Не менее любопытным примером способов действия нашего управления может служить случившаяся почти в то же время история Московских городских рядов. Она характеризует отношения правительства к городскому обществу.

Вопрос о перестройке старых городских рядов, которые были безобразны и неудобны, возник уже давно. Когда я был головою, об этом был представлен проект в министерство внутренних дел; но там он затормозился. Главное затруднение при ведении этого дела состояло в том, что собственниками лавок были их владельцы; на это они имеют неоспоримые документы. Чтобы совершить перестройку, надобно было всех их привести к соглашению, а это было дело не легкое. Оно тянулось несколько лет; однако удалось наконец составить из них общество, в которое многочисленные пайщики вошли каждый со своим владением. На этом и был основан посланный в министерство проект. Но министерство почему-то вообразило, что собственником земли, находящейся под лавками, непременно должен быть город, и требовало, чтобы он отыскал свои права. В этих видах проект был возвращен Думе во время моего управления. Мы всячески старались открыть неуловимые документы, рылись в архивах, обращались к Забелину, как главному знатоку московских древностей, и все напрасно. Единственно, на что мы могли претендовать, была собственность проходов.

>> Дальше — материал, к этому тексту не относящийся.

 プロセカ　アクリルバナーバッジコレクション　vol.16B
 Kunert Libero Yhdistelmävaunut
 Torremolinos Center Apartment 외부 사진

На этом вопрос и остановился, когда я вышел в отставку. Князь Долгорукий, который во всяком деле имел в виду только прославление самого себя, хотел воспользоваться междуцарствием, чтобы двинуть перестройку по собственному почину. Он прислал в Думу бумагу, требуя, чтобы она взяла это дело в свои руки. Дума отвечала, что она не может этого сделать, ибо ряды составляют частное владение, для перестройки которого уже образовалось акционерное общество. Тогда рассерженный генерал-губернатор назначил от своего имени комиссию для осмотра строения; в нее не были даже призваны архитекторы Думы, под ведением которой оно состояло. Комиссия, исполняя данные ей приказания, нашла, что строение опасно, и князь Долгорукий, в силу полномочий, данных ему Положением об охране, приказал его закрыть к 1 октября, а сам уехал в отпуск за границу.

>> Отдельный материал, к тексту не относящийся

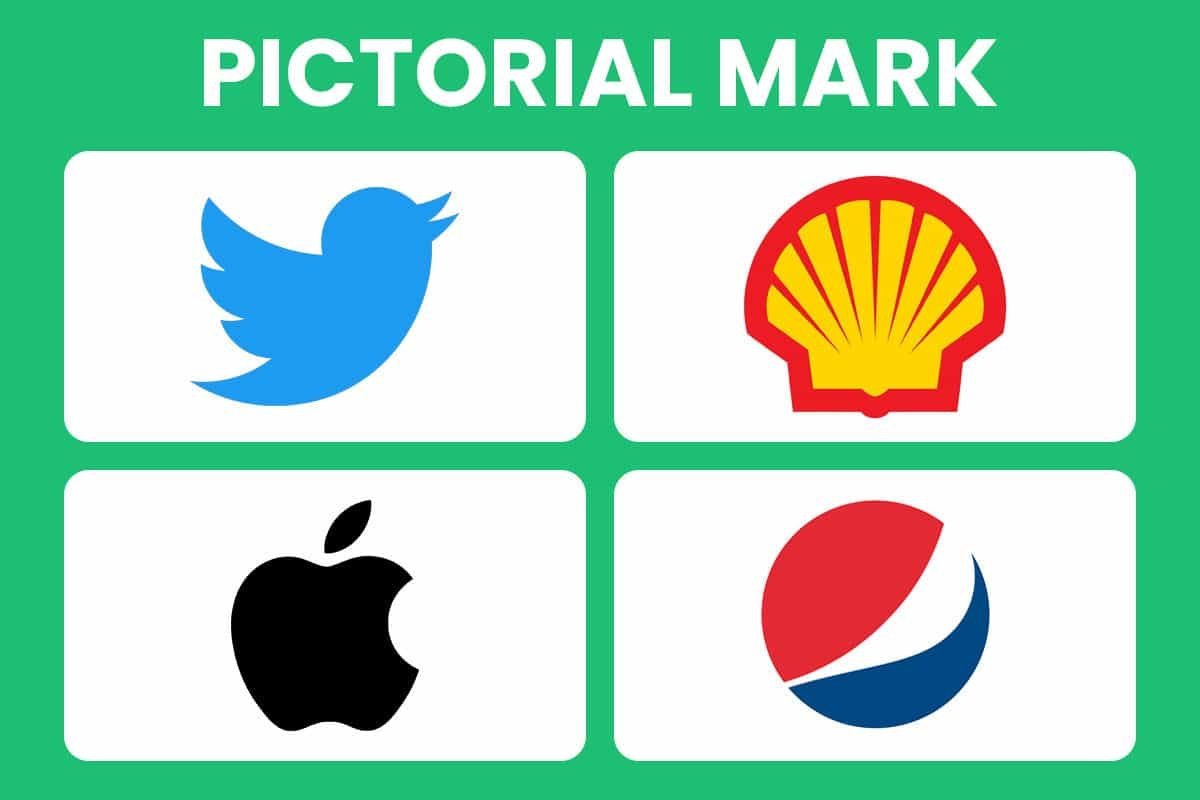 Pictorial mark logo examples - types of logo design
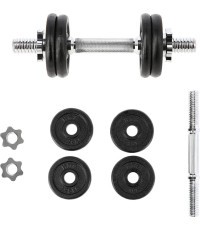 HMS SG01 hantele, 7 kg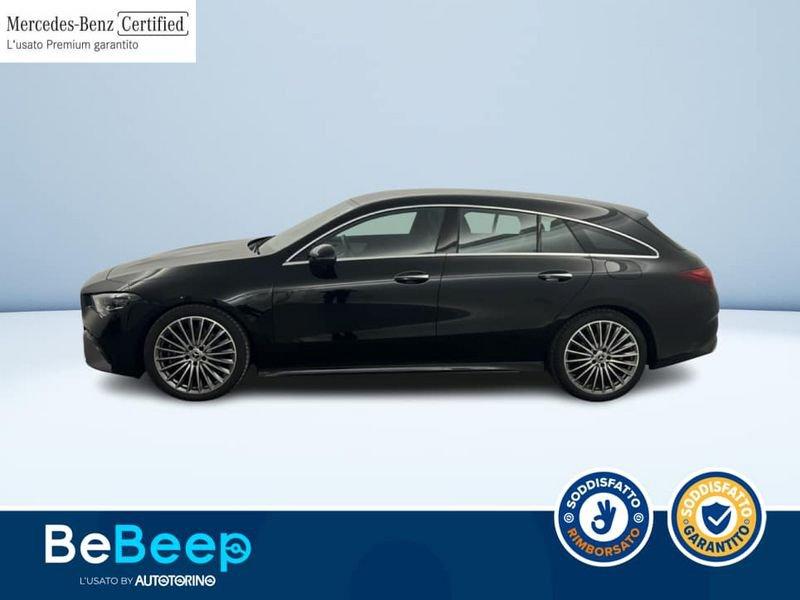 Mercedes-Benz CLA S.Brake SHOOTING BRAKE 200 D AMG LINE ADVANCED PLUS AU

Это было нечто чудовищное во всех отношениях. Ряды состояли в ведении города, и генерал-губернатор не имел ни малейшего права ими распоряжаться. Положение об охране, на которое он ссылался, касалось политических преступников, а вовсе не городских строений, хотя на практике оно нередко применялось в обеих столицах и к мостовым, и к извозчикам, и ко всему на свете. Фактически строение вовсе не грозило опасностью и с небольшими поправками легко могло простоять еще лет пятьдесят. Закрытие его через два месяца, без всякой подготовки, не только нарушало самые существенные интересы владельцев, но многим грозило неминуемым разорением.